Non c'è ancora chiarezza sulla dinamica dell'omicidio di Alessandro Borrelli e del tentato omicidio di Stefano Imperiale. Il killer, la guardia giurata Cristian Gusmano che sparato con la pistola in dotazione, si è chiuso nel silenzio non rilasciando dichiarazioni agli inquirenti. Gli investigatori si stanno concentrando sulla relazione che intercorreva tra i tre amici, cresciuti insieme nel quartiere Romanina. Escluso che dietro il gesto del killer ci sia un regolamento di conti legato a dinamiche criminali, visto che sia l'omicida che le sue vittime, tutti incensurati, risultano assolutamente estranee a quel mondo. Quello che appare certo è la premeditazione del gesto: Gusmano è andato in macchina con Stefano Imperiale a casa dell'amico comune a Ciampino, con l'intenzione di premere il grilletto. Di questo gli investigatori sono convinti dopo aver sentito il racconto di Stefano, che rimane gravemente ferito in ospedale. Prima di tirare fuori la pistola e sparare Cristian ha detto: "Guardate, ho portato un regalo per voi".

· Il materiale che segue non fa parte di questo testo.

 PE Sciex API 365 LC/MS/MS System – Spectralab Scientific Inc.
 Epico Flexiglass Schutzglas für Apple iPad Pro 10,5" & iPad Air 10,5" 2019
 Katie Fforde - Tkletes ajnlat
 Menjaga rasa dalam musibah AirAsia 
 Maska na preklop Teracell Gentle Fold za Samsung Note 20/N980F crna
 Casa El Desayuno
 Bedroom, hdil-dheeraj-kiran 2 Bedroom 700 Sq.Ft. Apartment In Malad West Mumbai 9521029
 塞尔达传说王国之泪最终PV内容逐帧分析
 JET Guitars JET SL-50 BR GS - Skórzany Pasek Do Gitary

Dubbi sul movente passionale: il killer Cristian Gusmano non parla

Quello che rimane da chiarire è perché la guardia giurata abbia deciso di rivolgere l'arma contro i suoi due amici. Una delle ipotesi è un triangolo sentimentale in cui Borrelli si sia sentito tradito dai due amici, ma proprio l'amicizia di lunga data che li legava rende questa ipotesi tutta da verificare. Lo scorso novembre erano andati tutti insieme in Giappone, uno dei viaggi che avevano fatto insieme in giro per il mondo. A legarli, oltre la passione per le mete lontane, anche quella per il ballo latinoamericano: insieme frequentavano regolarmente locali e piste da ballo dell'hinterland romano.

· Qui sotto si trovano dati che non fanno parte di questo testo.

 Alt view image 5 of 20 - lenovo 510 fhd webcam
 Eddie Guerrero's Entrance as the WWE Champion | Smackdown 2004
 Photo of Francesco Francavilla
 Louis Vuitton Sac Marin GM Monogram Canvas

L'omicidio di Alessandro Borrelli

Sono circa le 18.00 di mercoledì 13 maggio quando Cristian Gusmano e Stefano Imperiale arrivano a bordo della Toyota Yaris del primo in via Cagliari a Ciampino. Scendono dall'auto ed entrano in casa dell'amico Alessandro Borrelli. Pochi minuti e i vicini sentono una raffica di spari, poi le urla di dolore e paura. Immediatamente vengono avvertiti i soccorsi e sul posto arrivano le forze dell'ordine e il personale sanitario del 118. Per Alessandro non c'è niente da fare: Cristian lo ha ucciso colpendolo con un proiettile alla gola. Stefano invece si è riuscito a trascinare per strada, le sue ferite sono gravi e viene trasportato d'urgenza in ospedale. Poco dopo i carabinieri arrestano Gusmano che non oppone nessuna resistenza al fermo.